Le flou entourant le financement des universités s'est épaissi un peu plus à l'ouverture de la troisième rencontre thématique en prévision du Sommet sur l'enseignement supérieur des 25 et 26 février. Elle se tient à Sherbrooke et porte sur la gouvernance et le financement des universités.

Le gouvernement a déjà demandé aux universités de sabrer 124 millions de dollars d'ici la fin de l'année financière, fin mars. Or, lors d'une rencontre lundi, la première ministre Pauline Marois et Pierre Duchesne ont signalé aux recteurs que des coupes seront faites également pour l'année 2013-2014. « On nous a dit qu'il y aurait d'autres compressions, mais on n'a pas le niveau », a confirmé le président de la Conférence des recteurs et des principaux du Québec, Daniel Zizian. Pierre Duchesne est demeuré tout aussi évasif en conférence de presse jeudi. « On n'a pas la précision à ce moment-ci » quant au montant des compressions, a-t-il affirmé. « On a une période à vivre de 16 mois pour arriver au déficit zéro. Par la suite, ce sera une autre logique. » Il n'a pas voulu dire non plus si les coupes de 124 millions seront récurrentes, une perspective « fort préoccupante » pour la CREPUQ. « Est-ce que ce sera récurrent en entier ou en partie ? Il faudra voir », s'est contenté de dire M. Duchesne.

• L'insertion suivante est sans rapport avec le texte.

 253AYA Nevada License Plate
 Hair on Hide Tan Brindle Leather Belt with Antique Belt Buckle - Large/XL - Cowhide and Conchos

Un sous-financement de 300 millions de dollars, selon Pierre Fortin

Le ministre s'est engagé à réinvestir 1,7 milliard dans les universités de 2013 à 2019, mais son calcul ne tient pas compte des compressions. La CREPUQ a déjà fait savoir que cette somme est insuffisante. Elle chiffre à 850 millions le sous-financement des universités québécoises par rapport à leurs consoeurs des autres provinces canadiennes pour l'année 2009-2010.

L'économiste Pierre Fortin a analysé les chiffres des recteurs et a fait sa propre étude. Selon lui, ils ont surestimé le sous-financement. « Il n'est pas de 850 millions. Il est de l'ordre de 300 millions. 850 millions, comme diraient mes enfants, c'est un peu too much », a-t-il affirmé à des journalistes jeudi soir, à Sherbrooke. Il a entre autres relevé que le coût de la vie est plus faible au Québec que dans les autres provinces, une donnée dont les recteurs ne tiennent pas compte. L'étude de la CREPUQ est-elle biaisée ? « Quand le président de la FTQ négocie avec Bombardier, il ne demandera pas en dessous de ce qu'il recherche. Il va demander plus », a-t-il répondu.

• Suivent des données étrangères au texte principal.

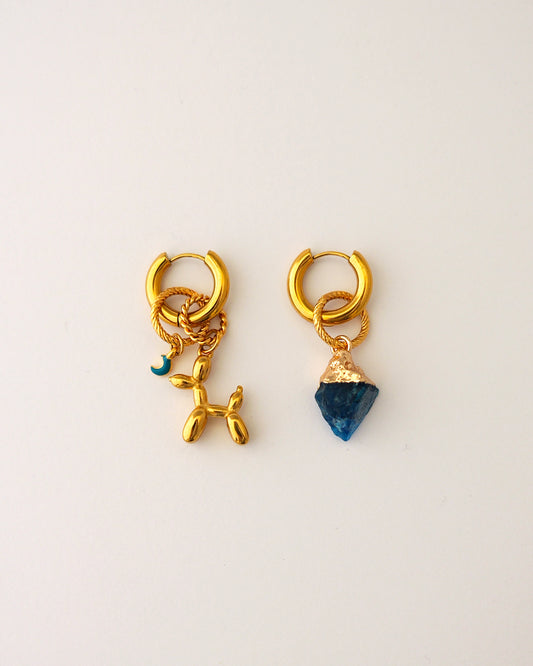 boucles d'oreilles créoles woof art doré et bleu canard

Pierre Fortin a précisé que c'est la directrice de cabinet de M. Duchesne, Esther Gaudreault, qui l'a invité à participer à la rencontre thématique. Rappelons que l'économiste était panelliste lors de la précédente rencontre thématique, à Trois-Rivières. Il a alors plaidé en faveur d'une indexation des droits de scolarité, l'option que privilégie le gouvernement Marois.

Par ailleurs, Pierre Duchesne s'est dit prêt à revoir la formule de financement des universités, adoptée en 2000 par François Legault, alors ministre péquiste. « Actuellement, à 100 %, on finance selon le nombre d'étudiants, par tête de pipe. Il y en a qui commence à dire que ça amène un peu d'effets pervers », a-t-il affirmé. À titre d'« effets pervers », il a évoqué « une course à la clientèle, une surmultiplication de programmes, des délocalisations » de campus. « Peut-être qu'il faut songer à remettre (la formule) en question. Et un sommet est un bon moment pour le faire », a-t-il indiqué. Il n'a pas précisé la formule qu'il privilégierait.

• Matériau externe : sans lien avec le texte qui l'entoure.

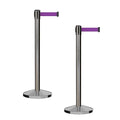 CCW Series RBB-100 - Set of 2 Stanchion Retractable Belt Barriers (9 Foot Belt, Purple Belt with Satin Stainless Steel Post)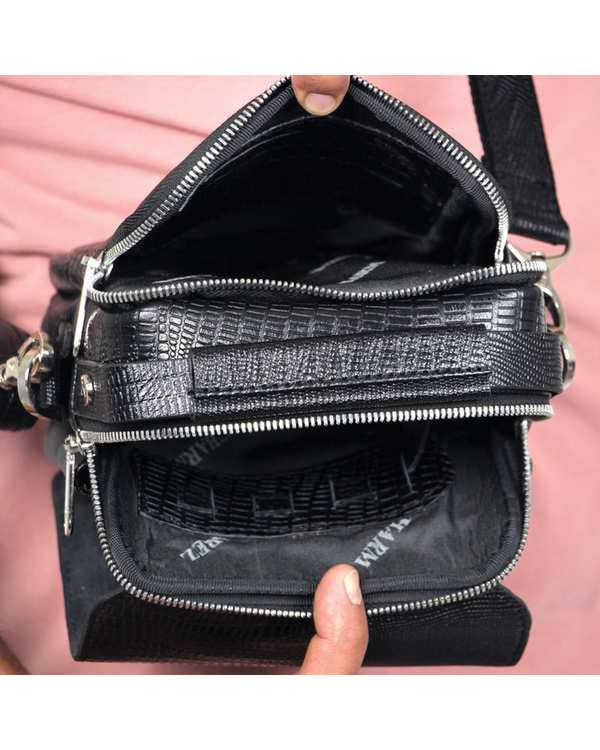 کیف دوشی چرم مدل DG74.Lizard مشکی چرم بارز Charm Barez - تصویر 3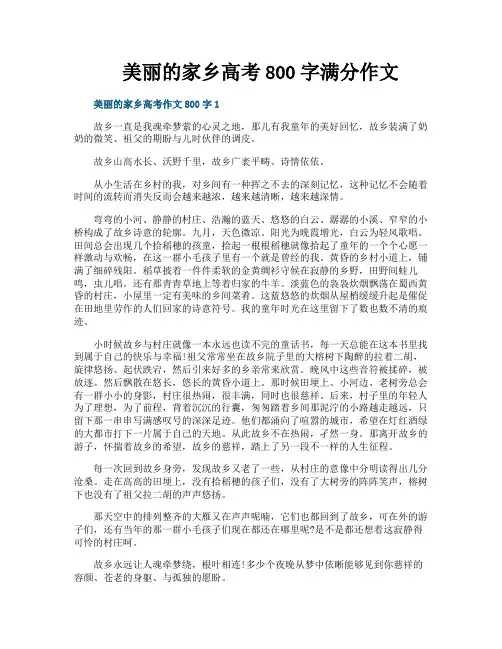 美丽的家乡高考800字满分作文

Selon lui, « il n'y a rien d'illégal » à ce que les universités puisent dans leur fonds de fonctionnement, destiné à l'enseignement, pour financer des immobilisations. Il voudrait toutefois rendre « plus transparent » le financement des universités. La Fédération étudiante universitaire du Québec, qui déplorait auparavant le sous-financement, croit avoir été berné et accuse les recteurs d'avoir détourné des fonds. La CREPUQ a défendu les virements de fonds en conférence de presse en plaidant que ceux-ci respectent les règles gouvernementales.